The learned model achieves an average payout per 1000 rounds of around -125 and doing so over a large number of simulations proves the robustness of the model as such a large sample tests the model thoroughly. However, the payout over 1000 rounds of the game is likely to vary a significant amount due to the inherent randomness of the game.
Below is a human readable representation of the strategy learned by the agent. The left half of the image shows the strategy when there is no usable ace (value 1) and the right when there is a usable ace card (ace considered 11). ‘H’ means hit and ‘S’ means stick while ‘-‘ means the agent hasn’t seen that state while learning. Each row represents the player’s hand and the columns represent the dealer’s ‘up card’. It can be seen that the agent seems to have learned to ‘hit’ when it’s hand is not close to 21. But the agent seems to ‘stick’ a lot more possibly to avoid going bust - a reasonably good strategy. It can also be seen that the strategy is clearly wrong in certain places and some of these are marked by red lines. The agent also did not get a chance to explore some rare states as marked by the blue lines.
Over 1000 rounds, the average payout was found to be much higher than the benchmark -400 with a value of around -125. This is a significant increase in the payout and proves that the agent has learned to satisfactorily play the game much better than the average casino player.

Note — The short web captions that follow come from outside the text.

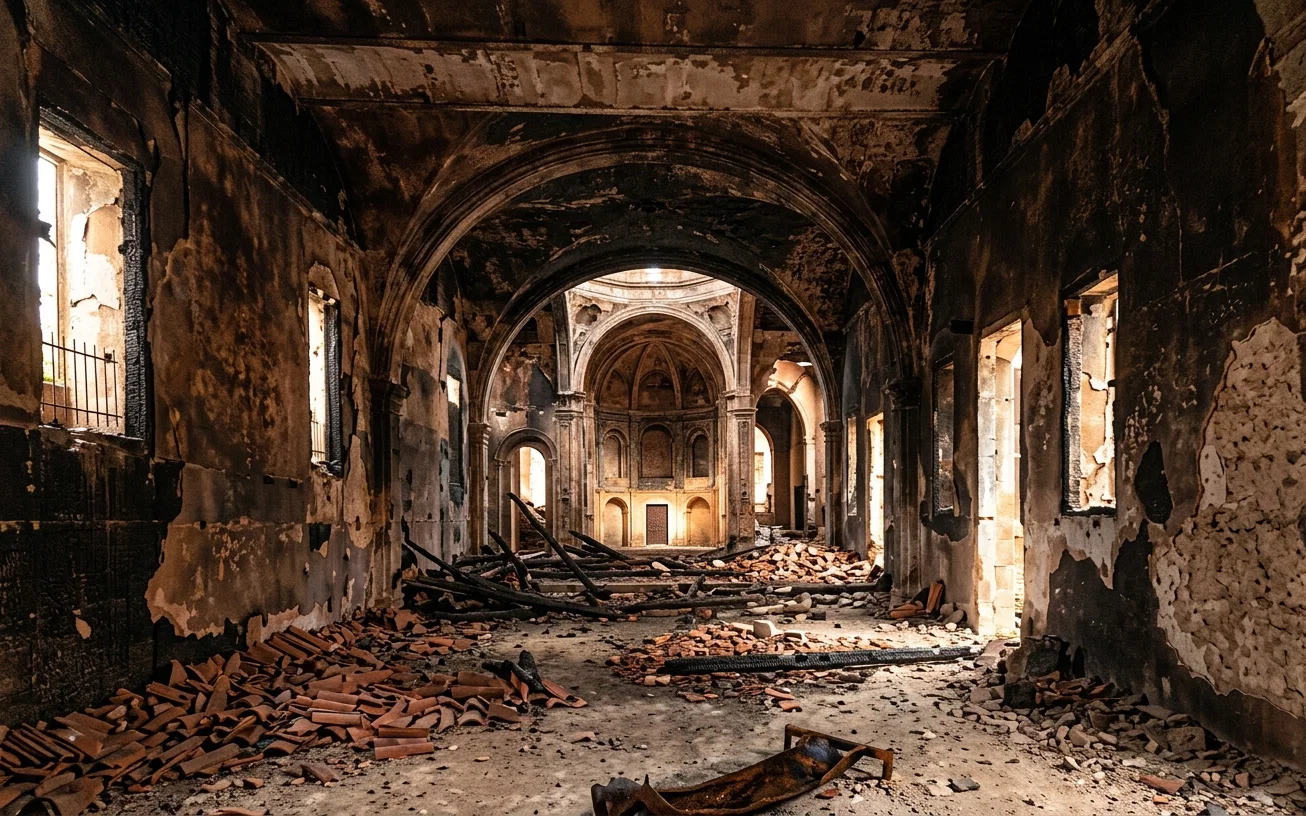 Interior of Barcelona church destroyed by fire during recent uprising.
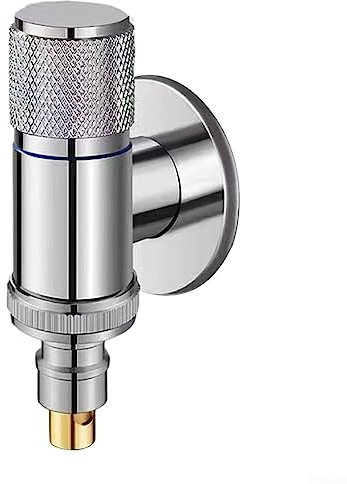 DAZZLEEX Robinet à Montage Mural, Robinet de Machine à Laver en Acier Inoxydable Robinet à Angle d'Ouverture Rapide pour Machine à Laver, Argent G1/2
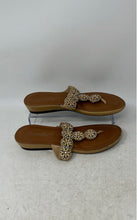 Load image into Gallery viewer, Contesa Womens Brown Leather Slip-On Open Toe Thong Sandals Size 5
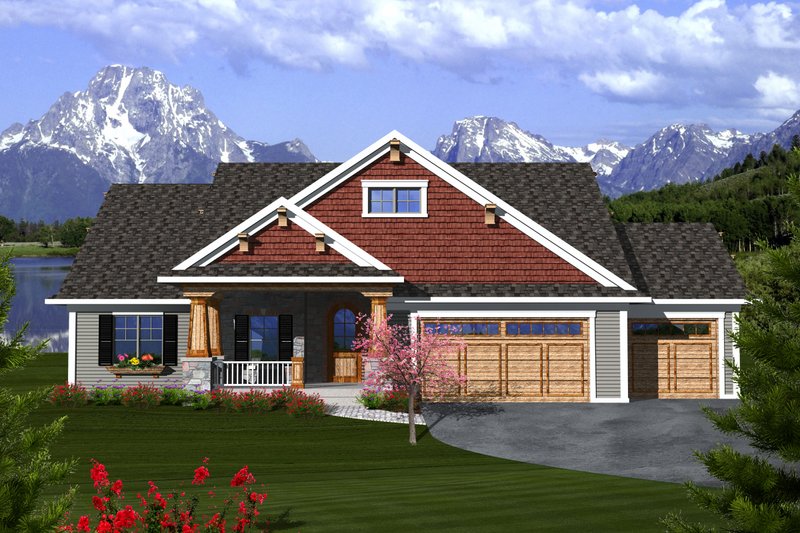 Home Plan - Ranch Exterior - Front Elevation Plan #70-1112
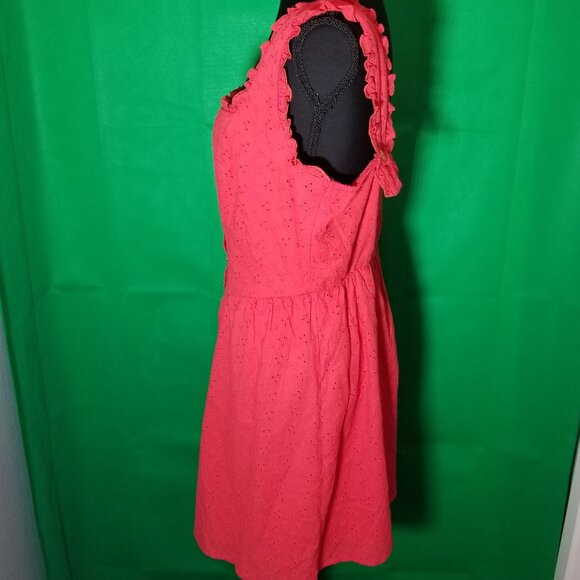 AS U WISH Red Summer Dress Womens Size Large Eyelet Cottage Milkmaid NWT - Picture 4 of 9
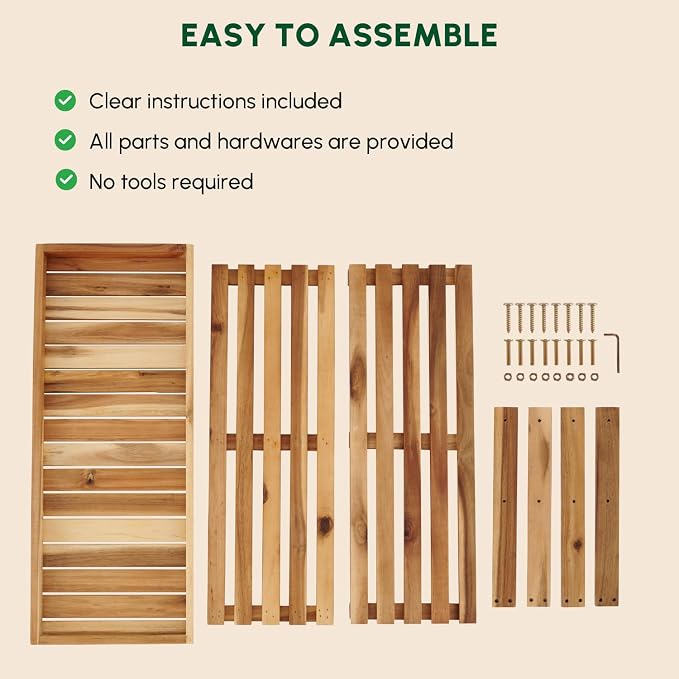 BEEFURNI Wooden Shoe Rack Bench, 3-Tier Wooden Shoe Organizer for Entryway, Aciaca Bench with Shelf, Solid Wood Shoe Storage Bench for Doorway, Hallway, 300 LBS, 1-Year Warranty, Natural Acacia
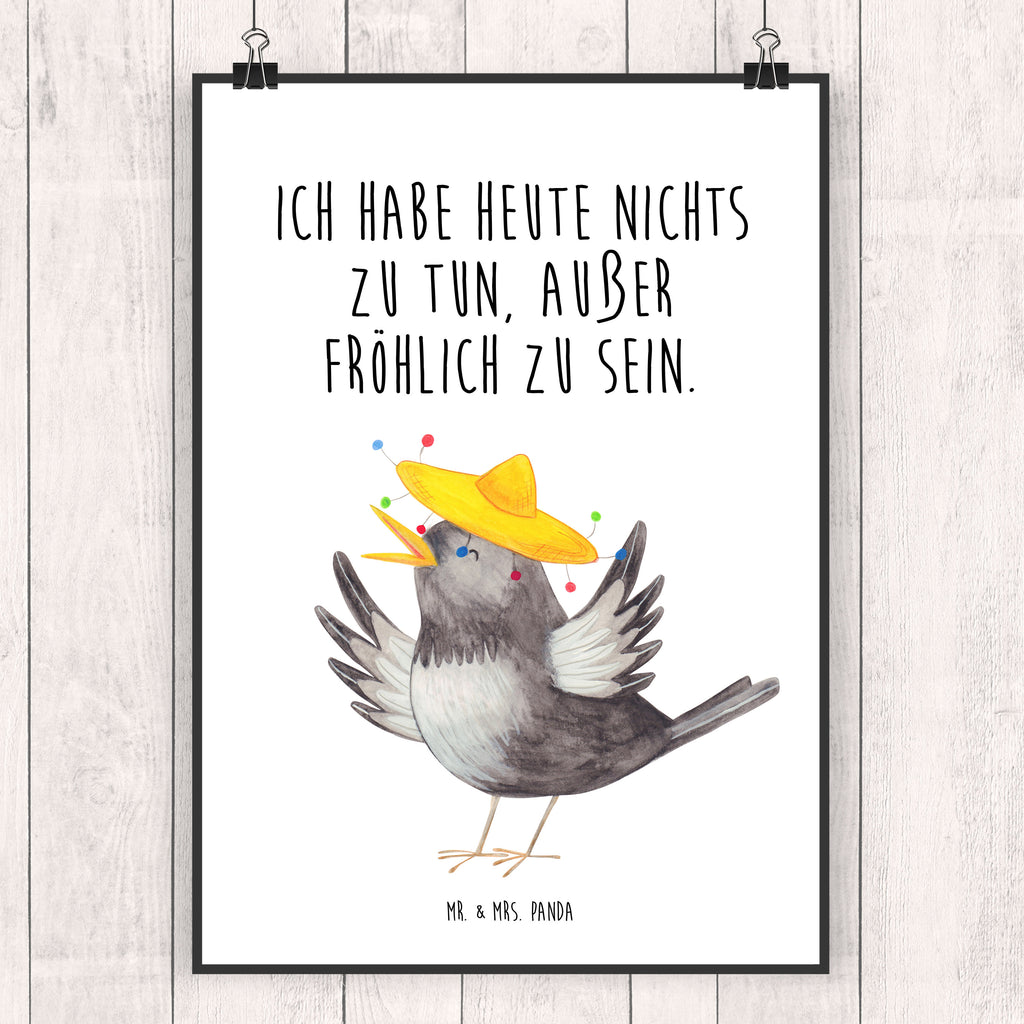 Poster Rabe mit Sombrero Poster, Wandposter, Bild, Wanddeko, Küchenposter, Kinderposter, Wanddeko Bild, Raumdekoration, Wanddekoration, Handgemaltes Poster, Mr. & Mrs. Panda Poster, Designposter, Kunstdruck, Posterdruck, Tiermotive, Gute Laune, lustige Sprüche, Tiere, Rabe, Vogel, Vögel, Spruch positiv, fröhlich sein, glücklich sein, Glück Spruch, froh, Elster, Motivation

Below is the average payout achieved by the agent over 1000 trials of playing 1000 rounds of the game. As can be seen, the average payout/1000 rounds mostly lies between -100 and -150 and this fluctuation is an indication of the role luck/chance plays in the game.
In this project, a learning agent successfully learned how to play blackjack and collect a payout much better than the average casino player. Blackjack is a card game where the goal is to obtain cards that sum to as near as possible to 21 without going over. They’re playing against a fixed dealer.
Q-learning was used by the agent to continuously update its Q-table during the learning process based on the action taken and the corresponding reward received. The rate at which the agent learns was proportional to the value of its learning rate, alpha which was set to 0.5. The agent first explored the environment rapidly by taking random decisions before relying on its Q-table to make appropriate decisions. This behavior was controlled by the agent’s exploration factor, epsilon. epsilon decreased from it’s initial value of 1 to the tolerance value of 0 in 800 episodes - this was also the number of episodes the agent learned for. The value 800 was found after searching over a list of values between 200 and 2000 and finding the value that produced the maximum payout.
At the end of the above process, the agent achieved a payout of -125 which was significantly bigger than the payout of around -400 received by the average casino player during simulations before the agent was trained.
It was very interesting to see a fairly simple algorithm learn a satisfactory strategy to play blackjack. The code for the agent is general enough to be used as a starting point to solve other environments from Open AI’s gym that have small state spaces.
It was a bit frustrating that the trained agent could not match the performance of the strategies described in  despite tweaking the parameters a fair bit.
Although the state space is fairly small, using a neural network as a function approximator might result in better payouts at the cost of implementation complexity and processing power/time.
Newer techniques like Double Q-learning or Experience Replay could be tested to see if they improve performance. I recently came across these and should learn more about these to see if they fit this problem.
‘Normal Play Strategy’ from figure 11 here  produces a better payout of around -100 per 1000 rounds in this environment so there is certainly room for improvement.